11. Repeat wash step 1.4 with Phosphate Buffered Saline (PBS)-1% Goat Serum Albumin, 0.01% Polysorbate-20 (Quench Buffer) in lieu of LC/MS-grade water for a total of two washes. Resuspend the washed microspheres in 100 µL of Quench Buffer containing 0.05% sodium azide by vortex for 30 s.
    NOTE: Permit the beads to quench fully for at least 6 h prior to proceeding to any other procedure.
12. Count the number of recovered microspheres using an automated cell counter or a hemocytometer. Record the observed bead concentration.
13. Refrigerate the coupled microspheres at 4 °C in the dark.

2. Procedures

1. Assay performance (Base protocol)
   1. Resuspend the coupled microspheres by vortex for 30 s and sonicate for ~60-90 s.
   2. Remove the required quantity of each bead colloid from the respective tube and combine the bead colloids in a new 1.5 mL microcentrifuge tube.

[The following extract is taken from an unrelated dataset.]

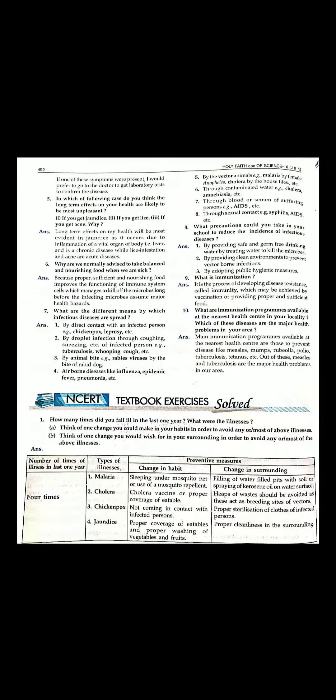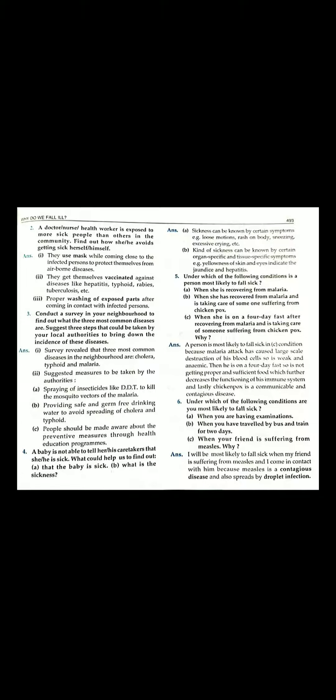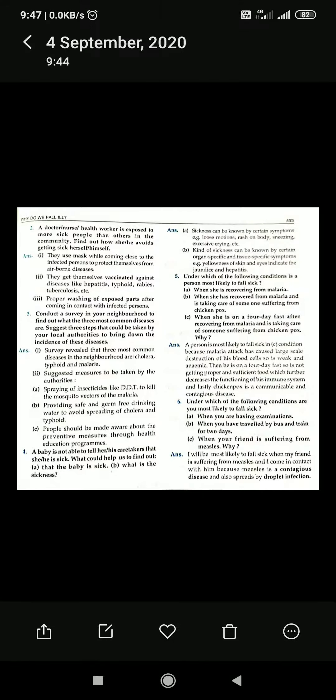Why do we fall ill, chapter 4. This exercise is complete. All the questions are here. If you have a question and answer, you can go through these questions.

   3. Insert the tube into a magnetic separator and allow separation to occur for 60 sec. With the tube still in the magnetic separator, carefully remove the supernatant without disturbing the bead pellet.

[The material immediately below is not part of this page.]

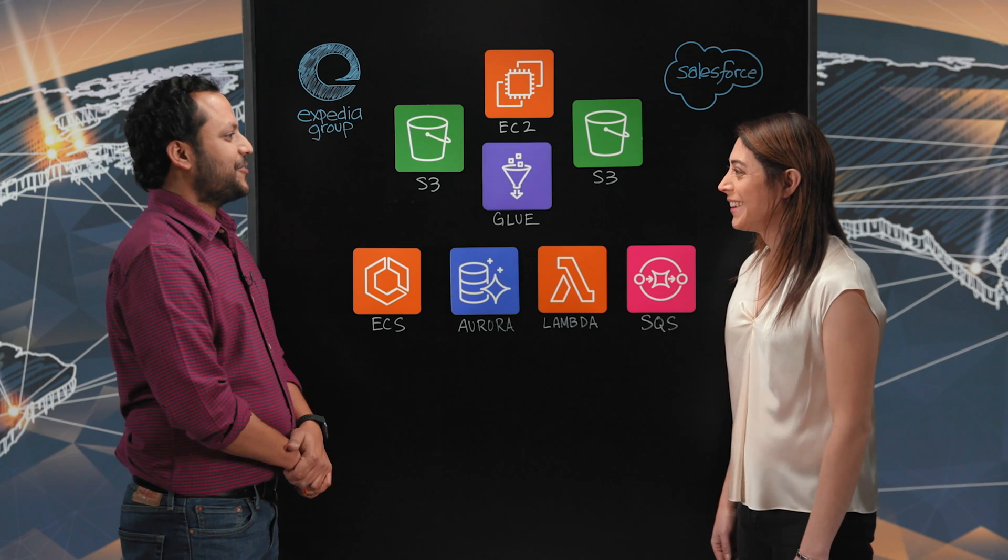Hi, welcome to This is My Architecture. My name is Andrea and I'm here with Sandeep from Expedia. Hi Sandeep, welcome to the show. Hi Andrea, thank you.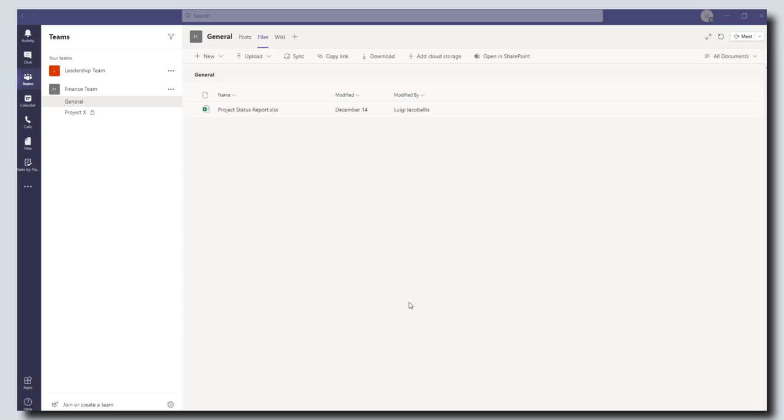Hey there, in this tutorial I'm going to be showing you how to add a page from a SharePoint site as a tab in a team in Microsoft Teams.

   4. Remove the beads from the separator, resuspend the beads with 100 µL of PBS-1% bovine serum albumin, 0.01% Polysorbate-20 (Assay Buffer), and vortex for 30 s. Place the tube into a magnetic separator and allow separation to occur for 60 s. Repeat this washing protocol (i.e., steps 2.1.3-2.1.4) twice.

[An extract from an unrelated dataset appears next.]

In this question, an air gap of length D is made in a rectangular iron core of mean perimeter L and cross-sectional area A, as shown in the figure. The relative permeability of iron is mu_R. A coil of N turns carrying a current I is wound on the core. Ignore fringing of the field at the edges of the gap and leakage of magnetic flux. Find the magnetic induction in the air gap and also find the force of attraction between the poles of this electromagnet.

   5. Adjust the concentration of the 3-plex working microsphere mixture by adding an appropriate volume of Assay Buffer to generate a final concentration of 100 microspheres per 1 µL for each target.
   6. Aliquot 12.5 µL of the microsphere mixture prepared in step 2.1.5 into each well of a 384-well plate or 25 µL into each well of a 96-well plate.
   7. Dilute the plasma/serum specimens 500-fold in Assay Buffer. Prepare standard specimens according to titration desired.
   8. Add 12.5 µL of Assay Buffer as the blank sample and add each of the diluted specimen or standard into each designated well of a 384-well specimen plate or 25 µL of the blank, diluted specimen or standard into each well of a 96-well specimen plate.
   9. Cover the plate with an aluminum seal or foil and incubate for 1 h at RT on a plate shaker set to 700 rpm.
      NOTE: Schematic for the dilution curves is provided in Table 1.
   10. Prepare a solution of anti-human detection antibodies (secondary antibody solutions) at 4 µg/ mL with Assay Buffer as specified in step 2.1.11.
   11. Prepare Goat-anti-human IgM, conjugated with Super Bright 436 (SB)/Goat-anti-human IgA, Phycoerythrin (PE) Conjugate detections antibodies at 4 µg/mL; or Goat-anti-human IgM, SB Conjugate/ Goat-anti-human IgG, PE Conjugate detections antibodies at 4 µg/mL.
       NOTE: For a 384-well plate format, 12.5 µL/well of the prepared secondary antibody solution is required, and for a 96-well plate format, 25 µL/well is required.
   12. Place the plate on a magnetic separator, wash rapidly, and forcefully invert over a biohazard container to remove liquid from the wells. With the plate still inverted, forcefully tap the plate against a thick wad of paper.
   13. Wash each well with 100 µL of Assay Buffer and remove the liquid by forceful inversion over a biohazard container, as previously described. Repeat these steps (2.1.12-2.1.13) for a total of two washes. Discard all used wads of paper into a biohazard container.
   14. Add 12.5 µL of the secondary antibody working solution to each well of a 384-well plate or 25 µL to each well of a 96-well plate. Cover the plate with an aluminum seal or foil and incubate for 30 min at RT on a plate shaker set to 700 rpm.
   15. Repeat wash steps 2.1.12-2.1.13.
   16. Add 75 µL of Assay Buffer into each well of a 384- well plate or 100 µL into each well of a 96-well plate. Cover the plate with an aluminum seal or foil and incubate for 5 min at RT on a plate shaker set to 700 rpm.
   17. Analyze 60 µL via the instrument analyzer according to the system manual.

Table 1: Dilution series for standard curves: Table of dilution factors used for the standard curves for the IgG serotype; presented as a 7-point, 1:5 serial dilution curve starting at 1 µg/mL for α-Spike S1 and α-Nucleocapsid and 5 µg/mL for α-Membrane antibodies.